_Your instructions_. Every line of the material must be given again verbatim. Skip the images.

-------- Given data --------

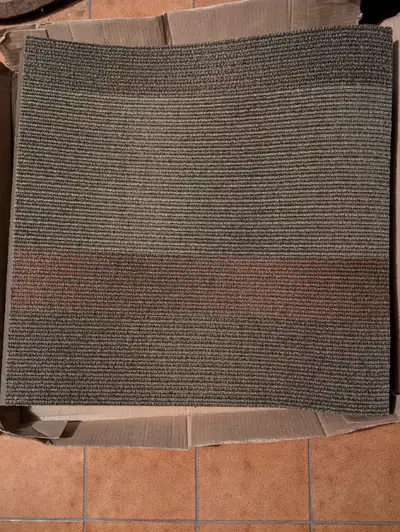 CARPET TILES 24" x 24" (2 feet by 2 feet) That covers 48 square feet 12 Carpet tiles in 1 box. All 1...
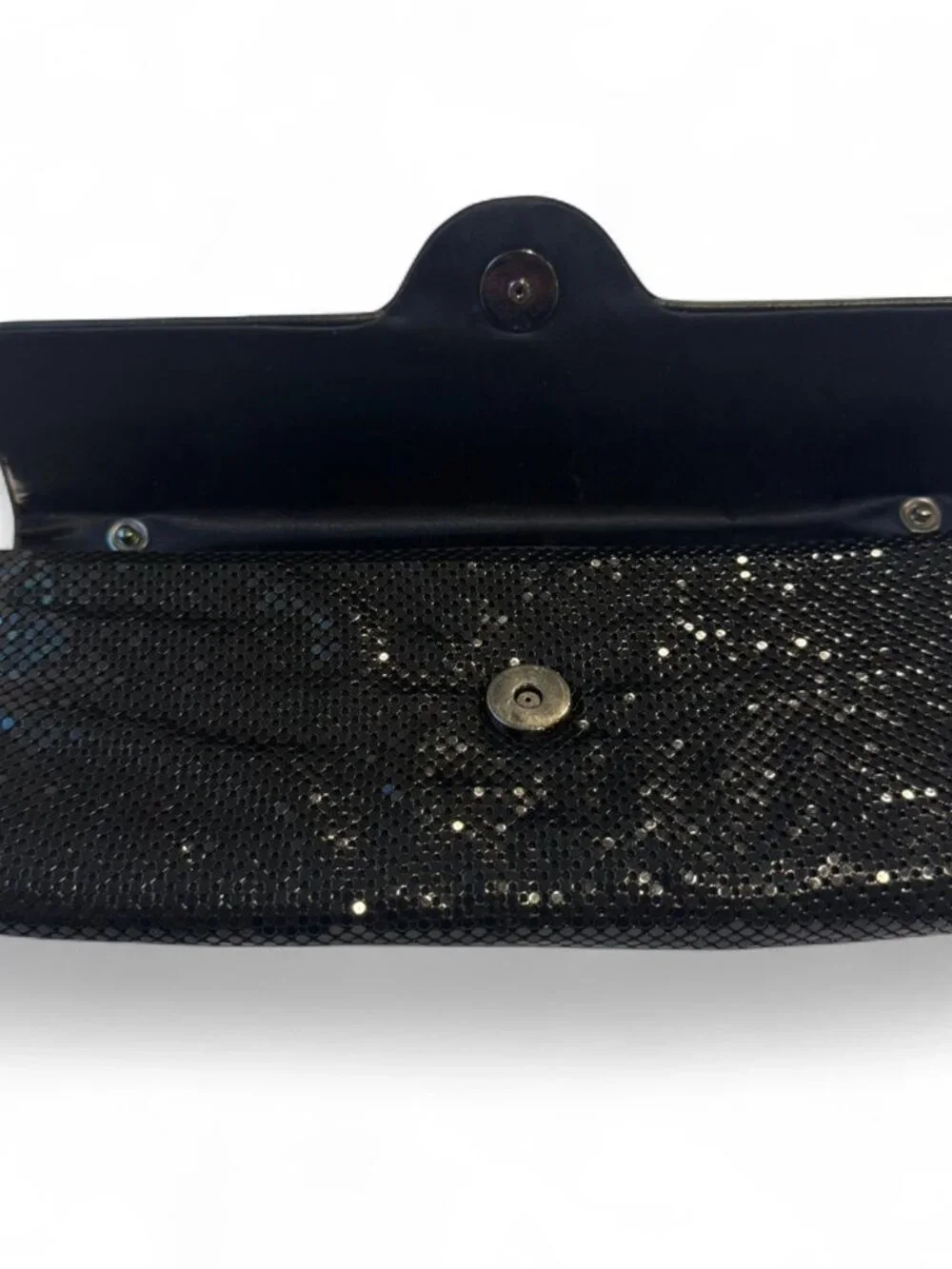 Black sequin/chainmail clutch with red lips - Picture 3 of 7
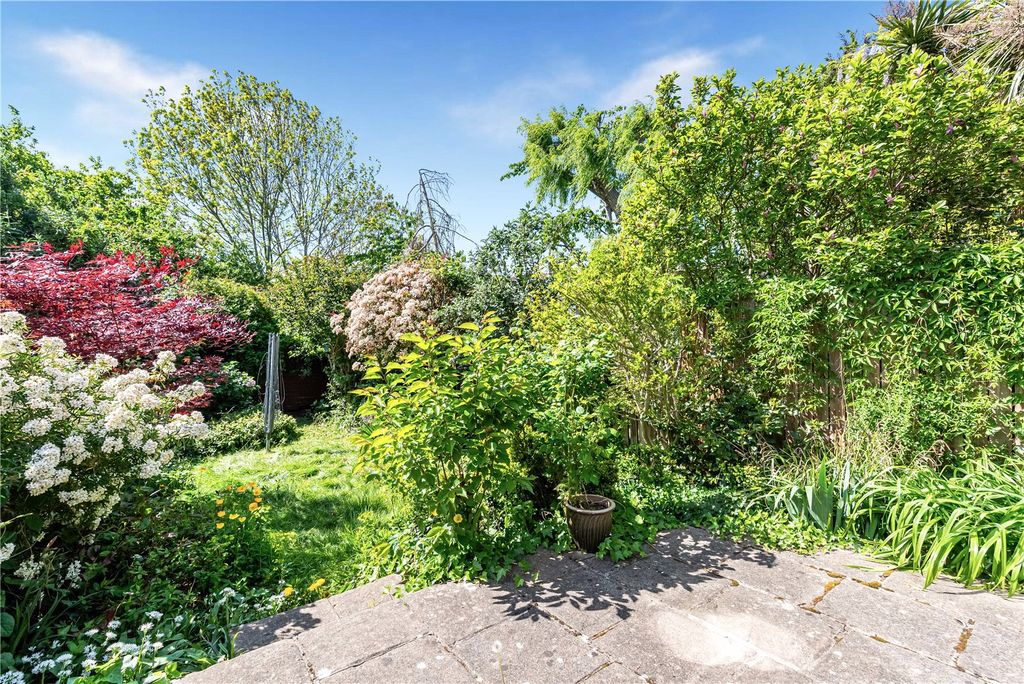 Property photo 2 of 13 Picture No. 16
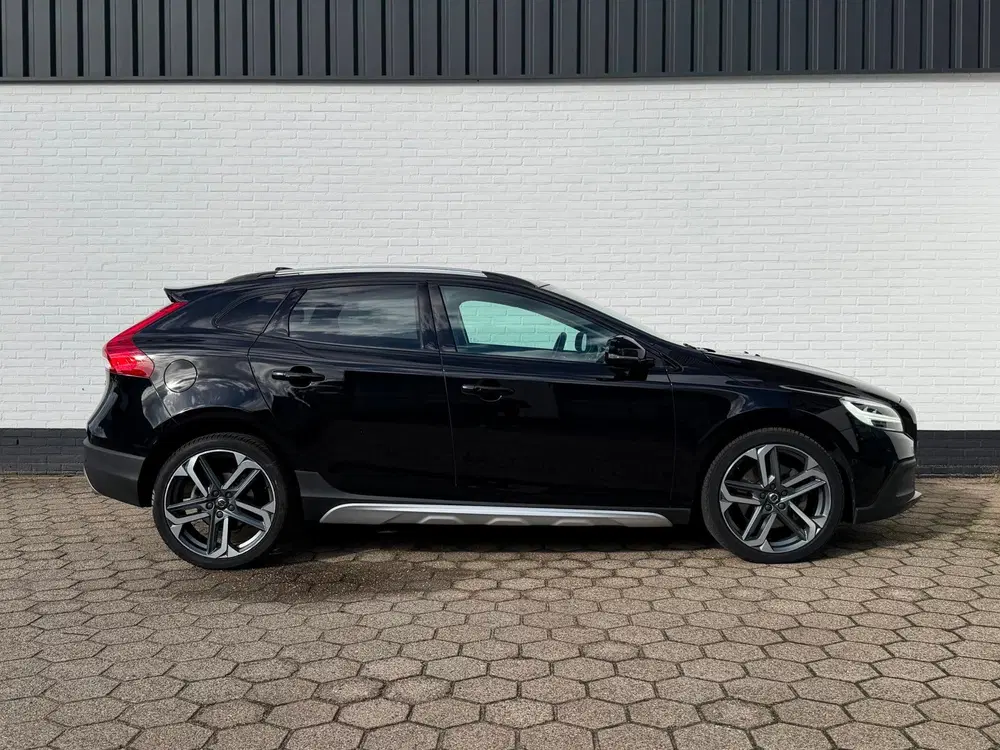 Volvo V40 Cross Country T3 Polar+ Luxury PANODAK l LEDER l C uit 2019, foto 6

--------

_Answer box_.
 CARPET TILES 24" x 24" (2 feet by 2 feet) That covers 48 square feet 12 Carpet tiles in 1 box. All 1...
 Black sequin/chainmail clutch with red lips - Picture 3 of 7
 Property photo 2 of 13 Picture No. 16
 Volvo V40 Cross Country T3 Polar+ Luxury PANODAK l LEDER l C uit 2019, foto 6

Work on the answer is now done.